Tuesday, November 11, 2008

Veterans Day Salute

Hi Sue,
I suggest you should add a post to the blog about Veterans Day. I know that Paul and Jack are veterans and I am sure some of the other Sam's regulars are as well. Plus a wish or prayer for those that we love that are still fighting for the USA may they come home safe to have years to enjoy bagels and friends.

Great idea, Alicia. I know that Bill T. also served in Viet Nam. This editorial appeared on the official VFW website today.

Thanks to our Veterans Every War Has an End: Upholding Veterans Day

An Editorial by VFW National Commander Glen Gardner

Remembering America’s warriors is often an afterthought for many Americans. It’s about time Nov. 11 is paid its proper respect.Veterans Day, once a widely celebrated holiday, is increasingly forgotten by many Americans. One need only look at the poor turnouts at ceremonies on Nov. 11. With the percentage of citizens who have worn a uniform rapidly declining, appreciation for the sacrifices made by veterans is correspondingly diminishing.To help counter this trend, VFW has long promoted Veterans Day as an opportunity to educate the public as to the meaning of this significant time each November. This task can best be accomplished by explaining the five “Ws.”

Who. As a nation, we remember all Americans who served on active duty in the armed forces. While those who died always remain prominent in our memories, they have a special time of mourning reserved for Memorial Day. Veterans Day is an opportunity to publicly commemorate the contributions of living veterans.

What. Collective as well as individual contributions to the nation’s defense are what we are remembering. The outcome of any given military campaign is irrelevant here—it’s the sacrifices made at the behest of the country that are important.

Where. Across the land, the grounds of virtually every state capitol and county courthouse host monuments, memorials and plaques honoring those who served. They date back as far as the American Revolution and are as recent as the Iraq War. But paying homage to veterans need not necessarily be in a public place. Every private home also should serve this purpose when appropriate.
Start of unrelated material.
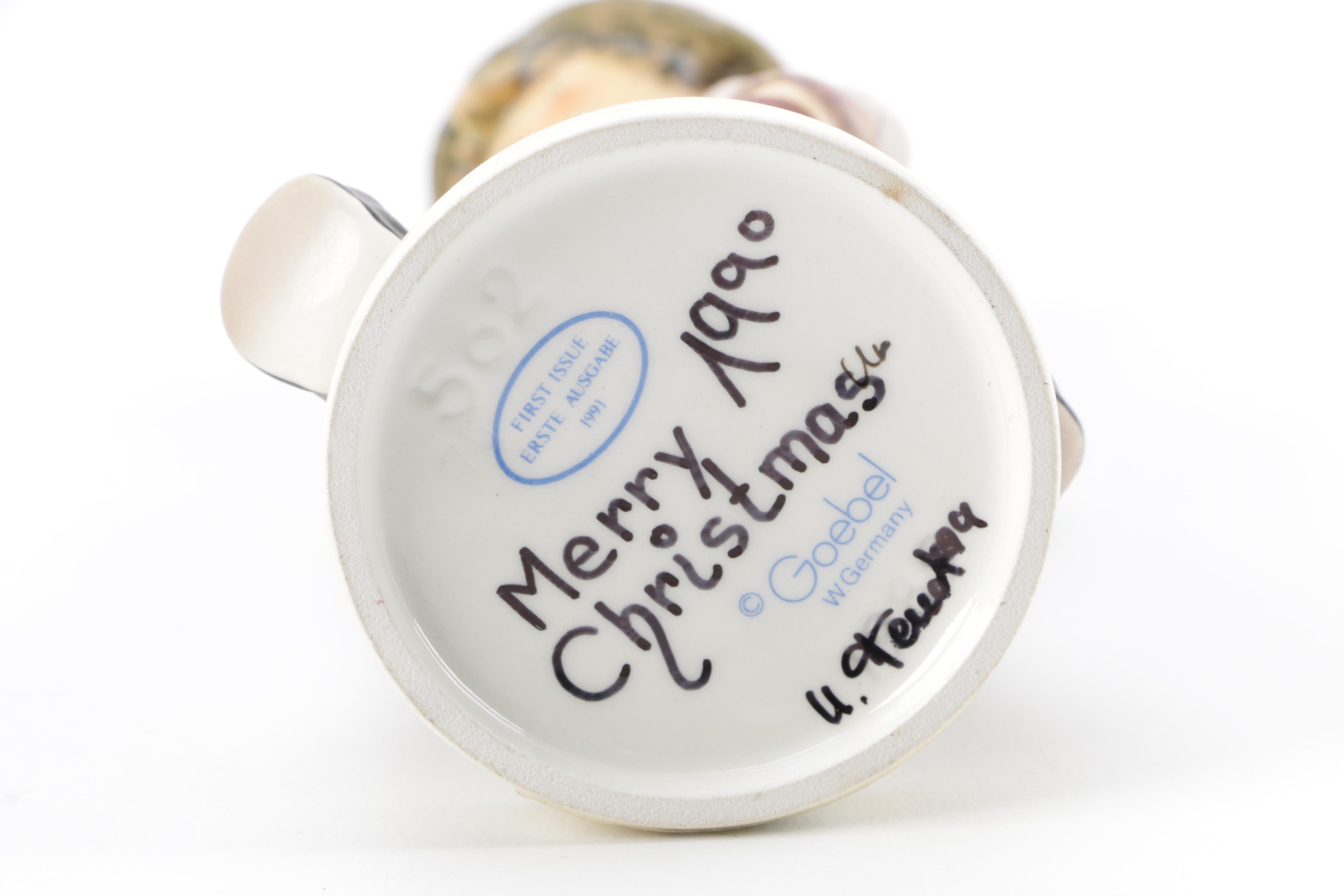 Guiseppe Armani Porcelain Figurine and Hummel "Grandma's Boy"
When. For some Americans, remembering veterans is a daily act. But as a nation, it is essential that we preserve the integrity of Nov. 11 as that one extra-special day for the American people as a whole to pause in silence or demonstrate public recognition.

Why. Remembering gives true meaning to sacrifice and service. Millions of Americans’ lives were forever altered because they donned a uniform to protect the freedoms and rights we take for granted. We owe an eternal debt of gratitude to them. And acknowledging Veterans Day is the time that debt comes due. It’s our way of keeping faith.

All of this is particularly relevant now, with the nation at war in Afghanistan and Iraq. Nearly 4,800 Americans have been killed in the two war zones to date. Approximately 1.7 million tours have been logged so far with 600,000 individuals having served there. About 325,000 of them have used VA benefits and services. Many, present as well as past, have displayed exceptional courage on the battlefield, as this month’s issue clearly illustrates.The 23.8 million veterans living in America deserve the recognition. It is often forgotten that legislative battles were waged over this day and its earlier version called Armistice Day in 1926, 1938, 1954 and throughout the 1970s. Let’s not take its value for granted.

Catonsville Times Reporter at Sam's

Mystery under table shot of someone's ripped pants??????

Hi everyone,

Kevin from the Catonsville Times will be at Sam's this Thursday morning, November 13th, between 8 and 9 am. He wants to talk with all of the regulars. He is bringing a photographer too! Please try and arrange your schedules to make this special occasion, especially the weekend regulars.

An Intriguing Email

My name is Kevin Rector, and I'm a reporter at the Catonsville Times.

I came across the blog and thought it - and your group of friends at the shop - would make an interesting story for the paper.

I was hoping to get in touch with Sue, and then maybe visit the bagel shop and meet some of the folks who make up your seemingly tight knit group over there.